The Merit Systems Protection Board passed a new and unwanted milestone last week—five years without a quorum.
The quasi-judicial agency, charged with protecting federal employees against improper employment actions like favoritism, discrimination and whistleblower retaliation, has been without any members on its three-person board since spring 2019. The last time it had a quorum was January 8, 2017, according to the Congressional Research Service.
MSPB said in its own budget justification for the current fiscal year that it's experiencing the "most dire crisis since it was established." The agency has never before had no members and has only ever experienced a brief lack of a quorum in 2003.

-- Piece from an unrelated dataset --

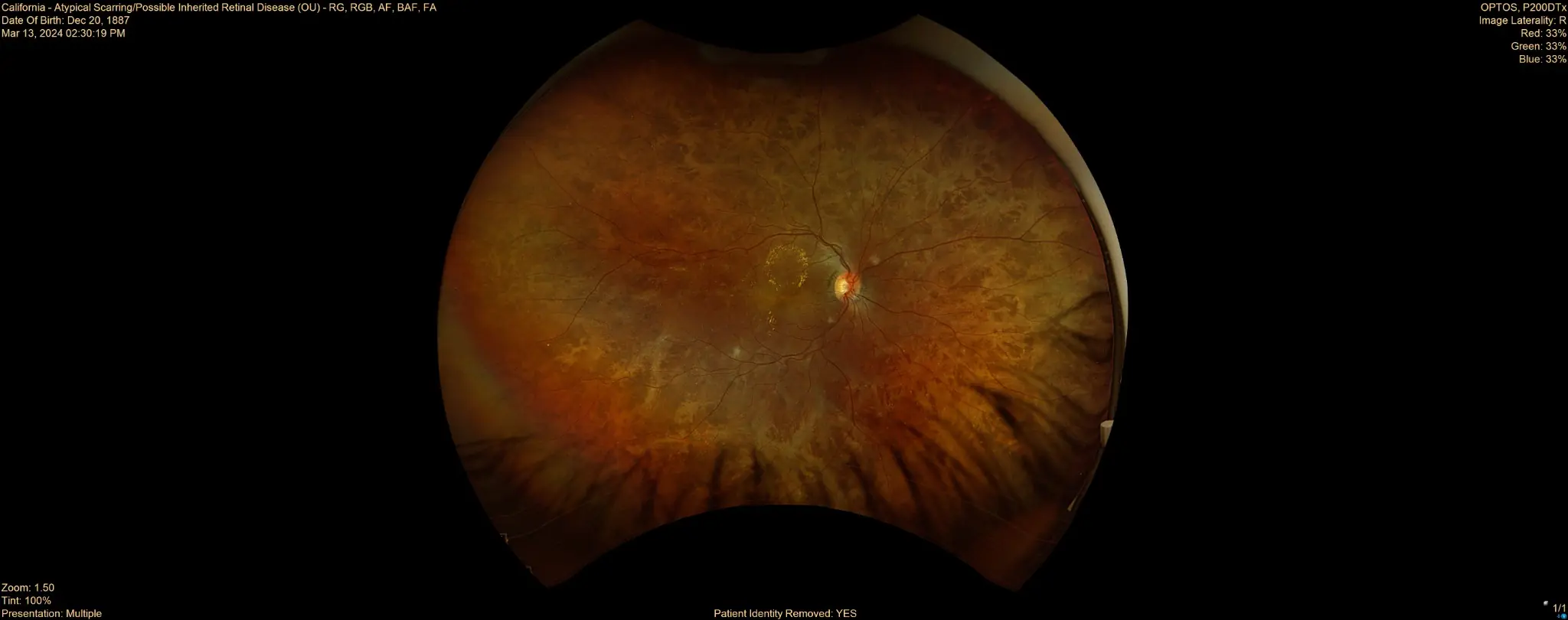 遺伝性網膜疾患の眼底画像サンプル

Administrative judges at MSPB can issue initial decisions, but if an agency or employee wants to file a petition for review of a decision, the board can't issue a decision without a quorum. This has left MSPB with a backlog of over 3,400 pending petition for review cases as of September 2021.

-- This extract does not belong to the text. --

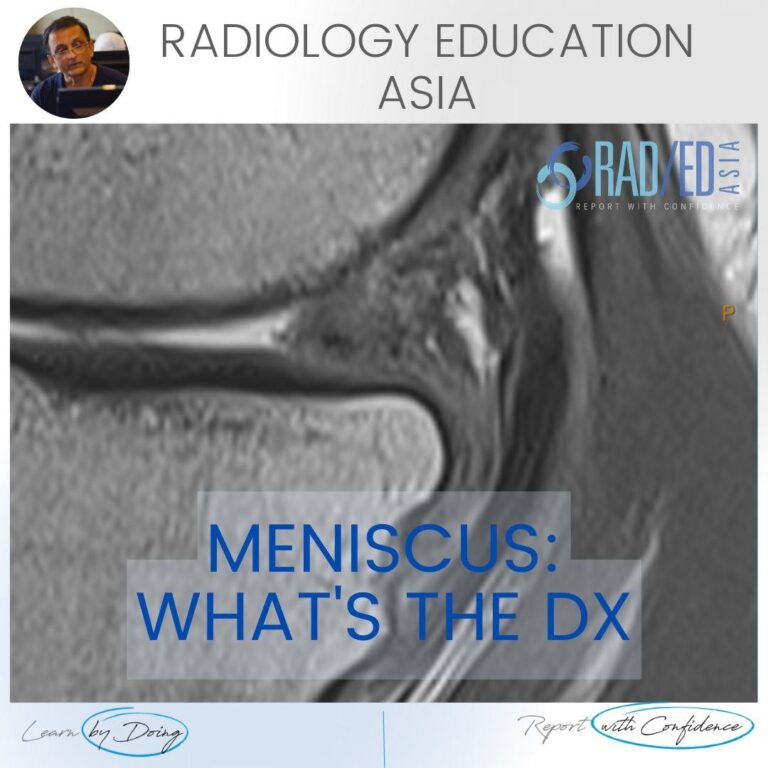 meniscus tear maceration degeneration mri knee radedasia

Board members are nominated by the president and confirmed by the Senate.
President Joe Biden's nominees were advanced out of the Senate Homeland Security and Governmental Affairs Committee in October, but haven't been put to a vote since, despite pressure from outside groups. The office of Senate Majority Leader Chuck Schumer (D-N.Y.) did not respond to a request for comment.
Biden had to renominate his pick for MSPB chair, Cathy Harris, at the start of 2022 because of Senate rules on nominees that haven't been decided on at the end of an annual session. The Senate held over the other two picks for MSPB, but Harris will have to be voted through committee again.
At her confirmation hearing, Republican senators expressed doubt about Harris' ability to chair the board objectively, despite her history as an attorney specializing in federal workforce law. She apologized for tweets Republicans characterized as partisan and said she would be a nonpartisan leader. Two other nominees garnered bipartisan support, but Harris advanced on a party line vote.
An aide to committee chairman Sen. Gary Peters (D-Mich.) told FCW that "Senator Peters supports the nominees. He's working to confirm them as quickly as possible, and it could be through an expedited process."
For now, the board remains without any members.
For people and agencies waiting for review, it becomes a "justice delayed, justice denied kind of dynamic," said Jim Eisenmann, a partner at Alden Law Group. Eisenmann previously served as executive director and general counsel of MSPB.
"The extensive backlog of cases continues to grow and that means employee appeals are left unresolved," said national president of the National Treasury Employees Union Tony Reardon in a statement to FCW. "Behind each case is a federal employee—a whistleblower, an individual unfairly removed from her job, a retiree who believes that their retirement benefits have been improperly calculated—each waiting for their case to be heard."
The expectation is that even once a board gets confirmed, it's still going to take time for appeals to be processed, said Stephanie Rapp-Tully, a partner at Tully Rinckey who specializes in federal employment law.
The passage of time also has an impact on the cases themselves.
"Cases die, at least from an evidentiary standpoint. Witnesses forget things, etc.," she said. "If we're successful in a petition for review and we want to go to a hearing, who knows whether all of our witnesses will still be in the government."
"It's going to be years before we get decisions on petitions for review, to the point where the firm has essentially stopped filing them. We take other appeal routes because it's not worth waiting for," she said. "It's incredibly problematic that this has taken five years."
Some federal employees have the ability to appeal to the Court of Appeals for the Federal Circuit, as she said, but Rapp-Tully also noted that that route can be cost prohibitive for some feds.
The situation also impacts agencies.
MSPB administrative judges can order things like back pay and reinstatement. Backpay continues to accrue in petition for review cases pending final decisions, which can leave agencies with big bills to pay when cases are decided, said Eisenmann.
While some federal employees can take appeals elsewhere, agencies' "only option is to file a petition for review with the board. And when that happens, that's when cases just sit there," said Eisenmann.
The situation also continues to impact MSPB itself, where a lack of confirmed leadership impacts everything from budgetary to hiring decisions, in addition to how the agency wants to focus its research arm, said Eisenmann.
Future MSPB members will have to triage the massive backlog, something that Harris spoke to at her confirmation hearing.
Ultimately, "you can't have a fully, properly functioning board or agency when you don't have a quorum or board members for this long," said Eisenmann.
"I think not having a Senate-confirmed board also just sends a message to everyone that it's not that important, that the merit systems are really not that vital to the federal workforce, to the federal employees, to the public. And the public has a right to expect that the civil service is following the rules, that there are no or as a few as possible prohibited personnel practices, and we're following the merit systems principles," he continued. "And without the board, it's difficult to say that."